DNAs used in this study were extracted from fresh specimens and cell lines by using the standard method with proteinase K digestion and phenol-chloroform purification. QIAamp DNA FFPE Tissue kit (QIAGEN GmbH, Hilden, Germany) was used to extract the DNA from paraffin-embedded tumor tissues.

Amplification of DNA

Specific oligonucleotide primers flanking the BRLF1 gene were designed for nested PCR (Table 4). In each set of PCR, DNA from EBV-positive B95-8 cell lines was used as positive control, and nuclease-free distilled water served as negative control. For the amplification, the first round polymerase chain reaction (PCR) was performed in a total volume of 25 μl containing 1 × PCR reaction buffer, 100 ng of genomic DNA, 0.5 μM of each primer, 200 μM of each deoxyribonucleotide triphosphates, and 1 U Pfu Taq polymerase (TaKaRa Biotechnology Co., Ltd., Kyoto, Japan). PCR amplification was performed with an initial denaturation at 95°C for 5 min. Then, 35 cycles of denaturation at 94°C for 30 s, annealing at 55°C for 30 s, extension at 72°C for 1 min. A final elongation step at 72°C for 10 min was also conducted. BRLF1-A1 combined with BRLF1-A2 (splice1), BRLF1-B1 with BRLF1-B2 (splice2) and BRLF1-C1 with BRLF1-C2 (splice3) as the outer primers. When necessary, 2 μl of the PCR product were taken for a second round of PCR, using internal primers: BRLF1-A2 combined with BRLF1-A3 (splice1), BRLF1-B3 with BRLF1-B4 (splice2), and BRLF1-C3 with C4 (splice3). In order to prevent contamination, several measurements were taken, such as frequently changing gloves and cleaning the equipment, using aerosol-resistant pipette tips for PCR, and performing different procedures in separate areas. The PCR products were analyzed by electrophoresis through a 1.2% agarose gel.

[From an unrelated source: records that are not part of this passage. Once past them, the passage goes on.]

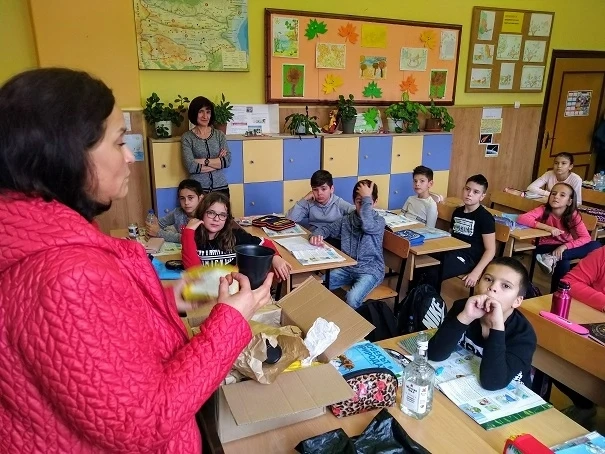 Фондация дари 750 образователни комплекта на децата
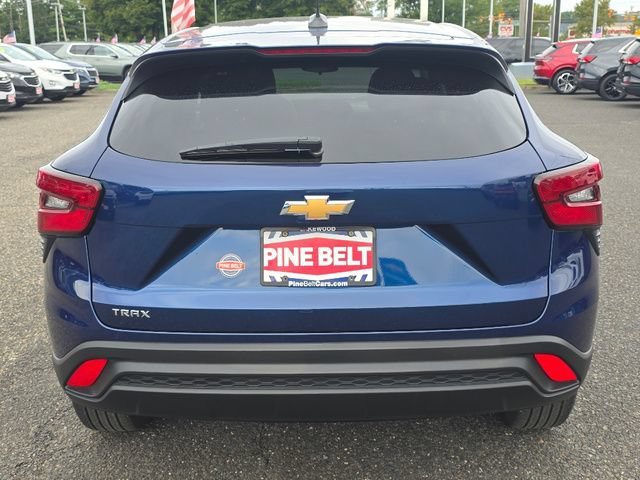 2024 Chevrolet Trax LS - Photo 15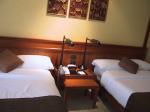 Southeast Asian Style 5 Star Hotel Bedroom Furniture Zebrano Veneer Finished Tea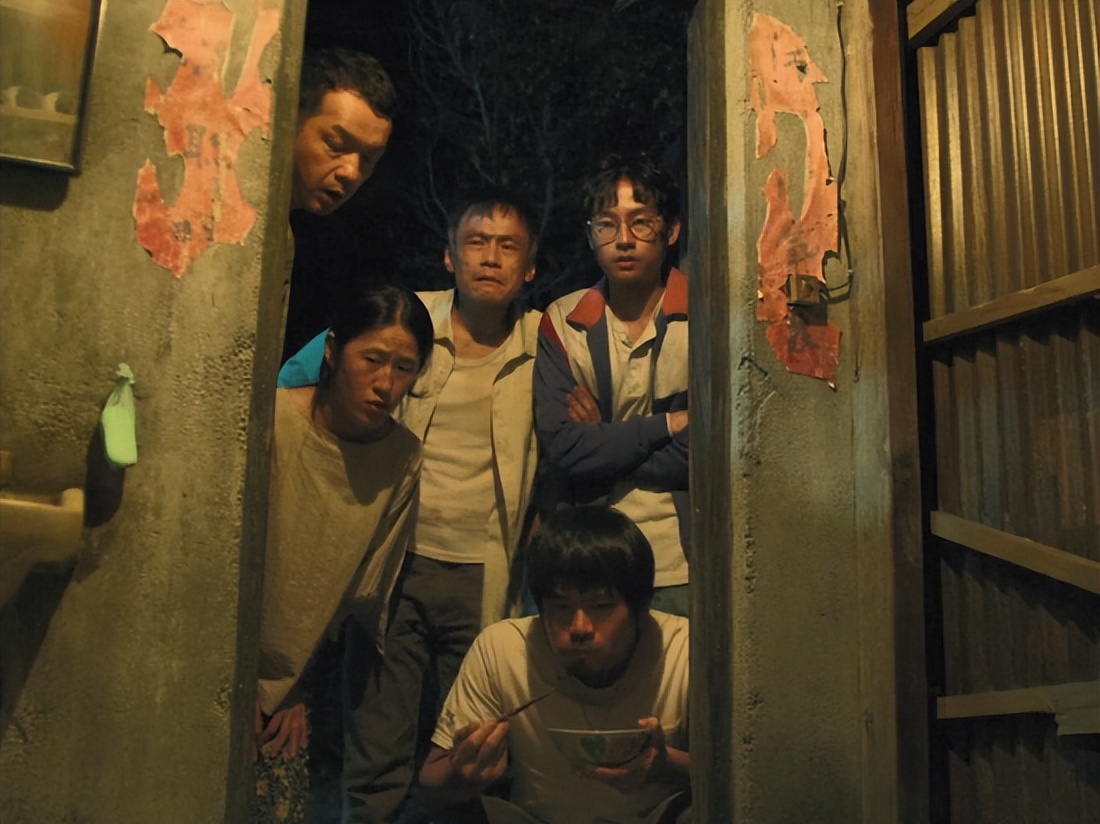 比《哭悲》还上头？逃犯吃屎，警察“全裸”查案，致敬《无间道》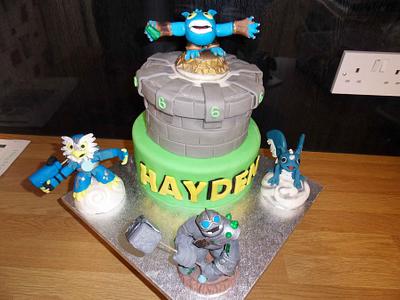 SkyLanders - Cake by Lisa Pallister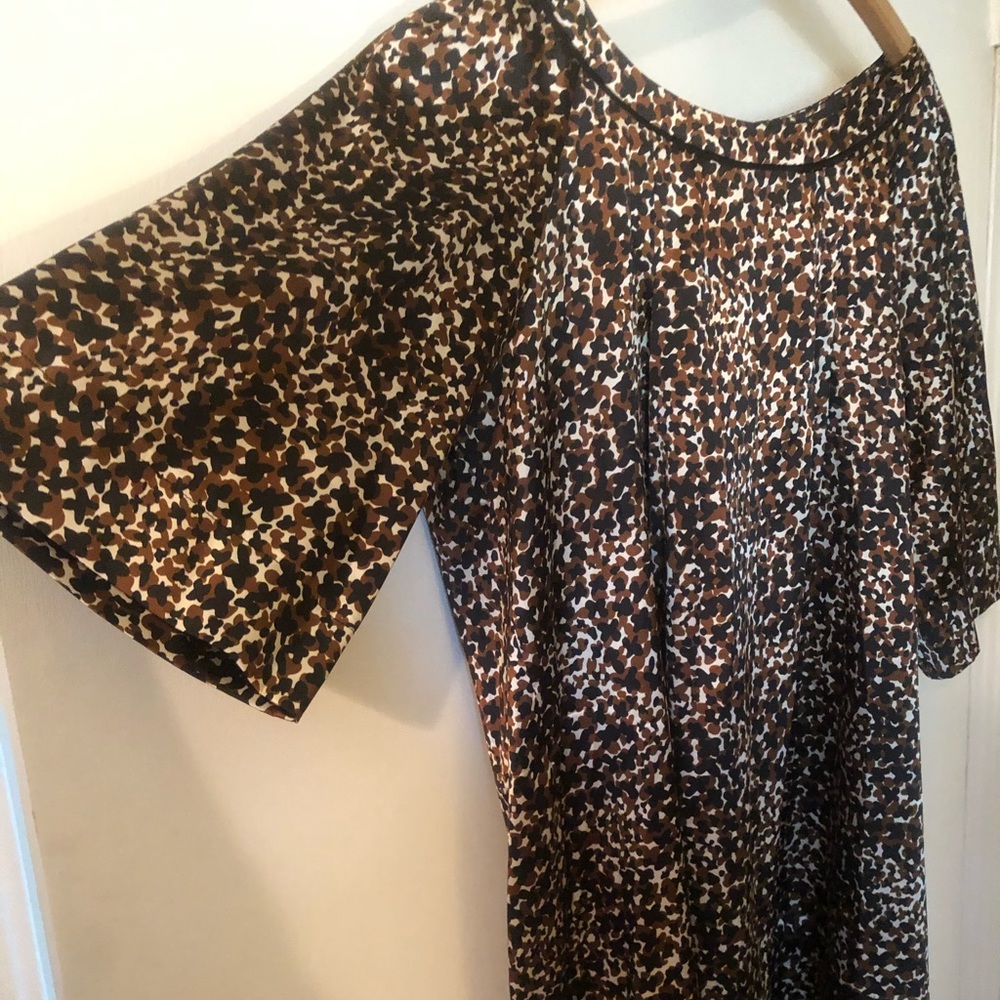 Adorable dress! Like new! Great for any occasion!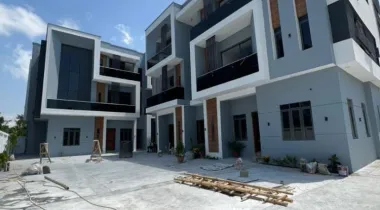 FOR RENT – 2 BEDROOM APARTMENT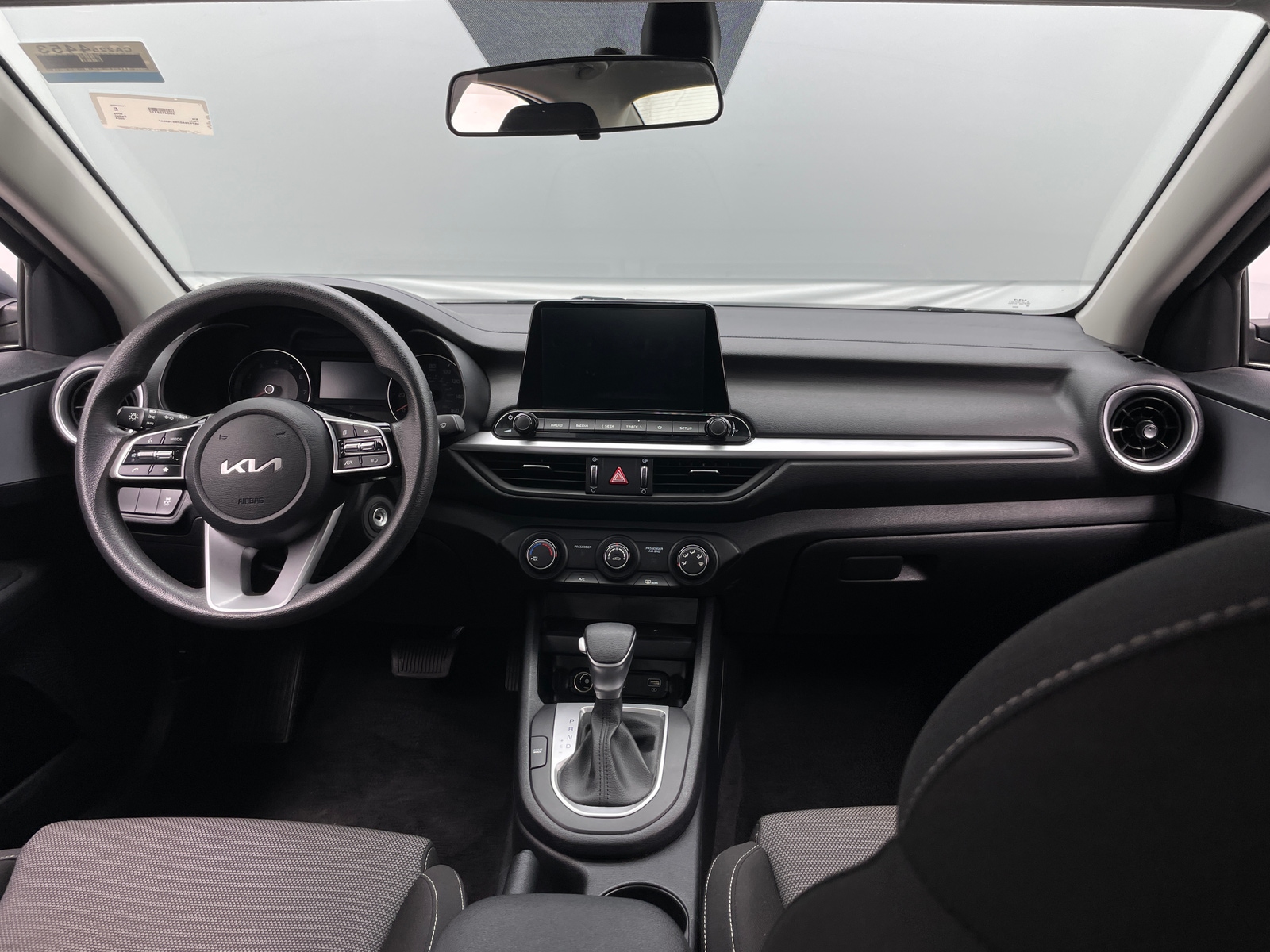 Thumbnail: 2024 Kia Forte - 3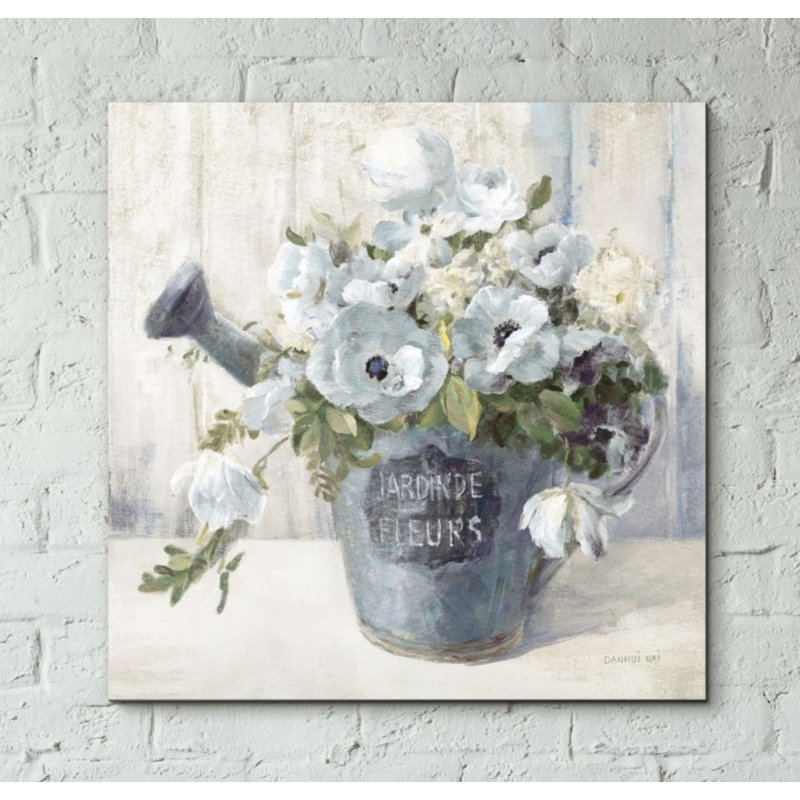 «Garden Blooms II Blue Crop» par Danhui Nai, art mural sur toile, H 26 po x l 26 po x P 1,25 po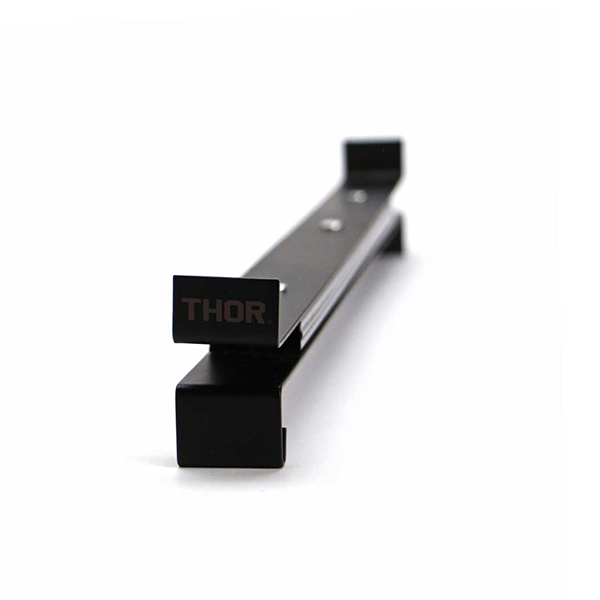 テーブル使いしたまま中の物を出し入れすることができるTHOR Large Totes 53L・75L専用スライドレール。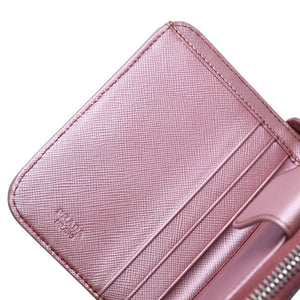 PRADA プラダ 2つ折り財布 コンパクトジップ 財布 ピンク PVC シルバー金具 1M0605R142 美品 中古 4a003019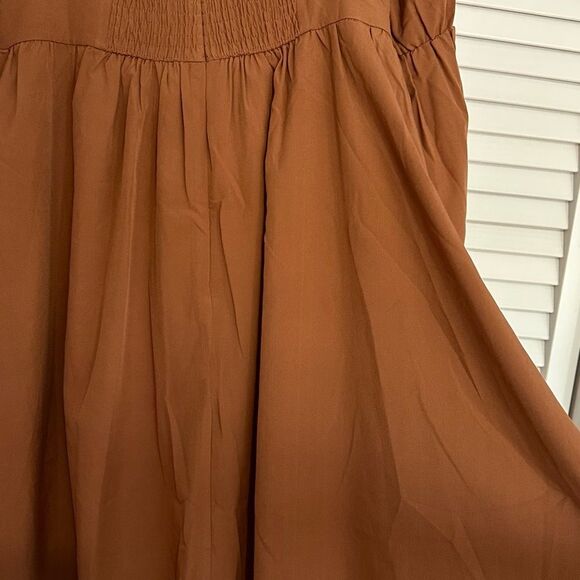 Cute classic dress   - Picture 5 of 7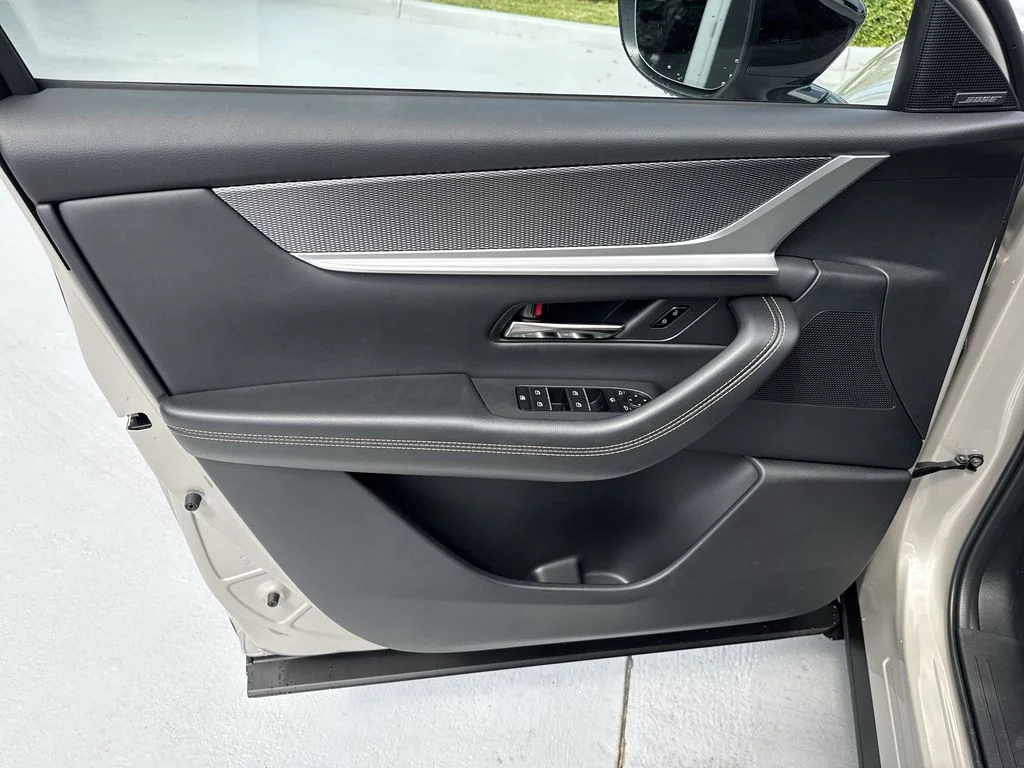 New 2026 Platinum Mazda 3.3 Turbo S Premium Sport AWD image 38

Table 4 Sequence and coordinates of primers used in PCR and sequencing

Sequencing analysis of PCR products

PCR products were purified using a gel extraction kit (QIAEX II; QIAGEN GmbH, Hilden, Germany), under the conditions specified by the manufacturer. PCR amplified fragments were sequenced by means of a Prism ready reaction Dyedeoxy terminator cycle sequencing kit (Applied Biosystems, Foster, USA).

Data analysis

The sequence data were checked for any homology in BLAST (National Center for Biotechnology Information; http://www.ncbi.nlm.nih.gov/) and were compared with the B95-8 prototype strain. Alignments between sequences were analyzed using DNA Star software (DNASTAR, Inc, version 5.0). The sequences from representative samples were used to draw a phylogenetic tree. Either χ2 test or Fisher's exact test (2-sided) was performed to determine the distribution difference of the EBV variations among the EBVaGCs, NPCs, and the TWs from the healthy adults. Significance was set at P value < 0.05.